+++ SUPPLIED MATERIAL +++
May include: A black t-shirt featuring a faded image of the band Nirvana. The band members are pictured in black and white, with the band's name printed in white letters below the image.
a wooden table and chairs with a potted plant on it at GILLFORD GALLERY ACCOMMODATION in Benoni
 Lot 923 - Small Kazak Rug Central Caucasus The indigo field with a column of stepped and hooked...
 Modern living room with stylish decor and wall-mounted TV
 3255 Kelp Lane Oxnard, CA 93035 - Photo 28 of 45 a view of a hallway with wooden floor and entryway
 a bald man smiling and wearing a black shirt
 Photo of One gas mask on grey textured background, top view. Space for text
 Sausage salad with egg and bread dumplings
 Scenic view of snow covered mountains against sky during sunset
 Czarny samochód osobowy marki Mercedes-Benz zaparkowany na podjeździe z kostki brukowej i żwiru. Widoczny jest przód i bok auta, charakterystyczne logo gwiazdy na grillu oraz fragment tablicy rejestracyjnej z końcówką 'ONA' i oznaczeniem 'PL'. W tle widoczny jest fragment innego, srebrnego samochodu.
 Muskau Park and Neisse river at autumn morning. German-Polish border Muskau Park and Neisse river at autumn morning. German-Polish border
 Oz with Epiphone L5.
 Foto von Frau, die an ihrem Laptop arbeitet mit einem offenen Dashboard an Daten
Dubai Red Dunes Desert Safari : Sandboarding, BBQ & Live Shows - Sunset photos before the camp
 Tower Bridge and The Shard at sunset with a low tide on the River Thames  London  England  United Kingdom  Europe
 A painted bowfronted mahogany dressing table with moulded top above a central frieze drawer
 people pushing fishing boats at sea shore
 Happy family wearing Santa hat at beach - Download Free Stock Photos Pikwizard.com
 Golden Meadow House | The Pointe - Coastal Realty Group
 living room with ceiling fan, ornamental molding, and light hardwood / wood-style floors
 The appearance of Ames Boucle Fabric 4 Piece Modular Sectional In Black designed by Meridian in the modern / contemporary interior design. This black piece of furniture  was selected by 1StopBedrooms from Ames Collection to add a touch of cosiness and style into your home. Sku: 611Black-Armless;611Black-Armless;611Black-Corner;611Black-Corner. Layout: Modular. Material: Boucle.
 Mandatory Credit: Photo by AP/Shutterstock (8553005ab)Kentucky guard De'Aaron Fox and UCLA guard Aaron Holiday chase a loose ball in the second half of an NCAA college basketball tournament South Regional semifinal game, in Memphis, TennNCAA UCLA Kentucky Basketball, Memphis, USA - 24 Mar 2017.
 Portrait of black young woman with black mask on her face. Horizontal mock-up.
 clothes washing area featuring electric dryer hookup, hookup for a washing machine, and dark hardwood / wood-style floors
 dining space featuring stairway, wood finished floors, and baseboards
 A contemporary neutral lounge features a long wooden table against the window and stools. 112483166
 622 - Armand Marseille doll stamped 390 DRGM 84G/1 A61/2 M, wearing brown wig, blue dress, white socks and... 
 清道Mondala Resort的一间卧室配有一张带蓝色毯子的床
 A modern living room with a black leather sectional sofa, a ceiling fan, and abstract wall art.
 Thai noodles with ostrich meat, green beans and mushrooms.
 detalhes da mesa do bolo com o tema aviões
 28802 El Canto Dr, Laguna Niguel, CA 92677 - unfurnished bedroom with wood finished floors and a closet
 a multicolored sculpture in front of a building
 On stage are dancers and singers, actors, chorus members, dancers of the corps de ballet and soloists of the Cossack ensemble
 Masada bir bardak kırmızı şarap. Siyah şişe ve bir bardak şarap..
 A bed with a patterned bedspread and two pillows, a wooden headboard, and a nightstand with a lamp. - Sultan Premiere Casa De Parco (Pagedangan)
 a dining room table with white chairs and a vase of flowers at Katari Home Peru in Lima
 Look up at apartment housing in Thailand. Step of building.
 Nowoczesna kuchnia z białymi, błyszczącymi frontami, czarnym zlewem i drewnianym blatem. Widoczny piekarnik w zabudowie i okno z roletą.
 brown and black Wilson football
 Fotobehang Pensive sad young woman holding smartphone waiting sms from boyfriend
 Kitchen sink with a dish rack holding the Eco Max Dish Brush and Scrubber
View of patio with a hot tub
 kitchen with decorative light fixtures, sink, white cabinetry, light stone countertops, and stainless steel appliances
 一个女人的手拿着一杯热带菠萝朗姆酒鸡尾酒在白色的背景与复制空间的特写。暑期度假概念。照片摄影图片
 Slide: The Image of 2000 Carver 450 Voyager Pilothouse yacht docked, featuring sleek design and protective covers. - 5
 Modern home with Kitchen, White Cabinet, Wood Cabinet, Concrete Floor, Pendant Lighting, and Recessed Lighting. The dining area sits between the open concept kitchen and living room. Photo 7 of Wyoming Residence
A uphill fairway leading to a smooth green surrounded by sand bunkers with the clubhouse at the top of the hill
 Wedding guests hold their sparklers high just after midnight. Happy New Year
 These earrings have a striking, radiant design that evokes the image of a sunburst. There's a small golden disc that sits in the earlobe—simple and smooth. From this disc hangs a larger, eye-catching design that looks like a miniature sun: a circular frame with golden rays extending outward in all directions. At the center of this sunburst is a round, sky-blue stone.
+++
**ABOUT THIS TASK**. Starting at the line with "Thai noodles with" and ending at the line with "Slide: The Image", print each line of the listing above exactly, with no other lines.

**OUTPUT OF THE TASK**.
 Thai noodles with ostrich meat, green beans and mushrooms.
 detalhes da mesa do bolo com o tema aviões
 28802 El Canto Dr, Laguna Niguel, CA 92677 - unfurnished bedroom with wood finished floors and a closet
 a multicolored sculpture in front of a building
 On stage are dancers and singers, actors, chorus members, dancers of the corps de ballet and soloists of the Cossack ensemble
 Masada bir bardak kırmızı şarap. Siyah şişe ve bir bardak şarap..
 A bed with a patterned bedspread and two pillows, a wooden headboard, and a nightstand with a lamp. - Sultan Premiere Casa De Parco (Pagedangan)
 a dining room table with white chairs and a vase of flowers at Katari Home Peru in Lima
 Look up at apartment housing in Thailand. Step of building.
 Nowoczesna kuchnia z białymi, błyszczącymi frontami, czarnym zlewem i drewnianym blatem. Widoczny piekarnik w zabudowie i okno z roletą.
 brown and black Wilson football
 Fotobehang Pensive sad young woman holding smartphone waiting sms from boyfriend
 Kitchen sink with a dish rack holding the Eco Max Dish Brush and Scrubber
View of patio with a hot tub
 kitchen with decorative light fixtures, sink, white cabinetry, light stone countertops, and stainless steel appliances
 一个女人的手拿着一杯热带菠萝朗姆酒鸡尾酒在白色的背景与复制空间的特写。暑期度假概念。照片摄影图片
 Slide: The Image of 2000 Carver 450 Voyager Pilothouse yacht docked, featuring sleek design and protective covers. - 5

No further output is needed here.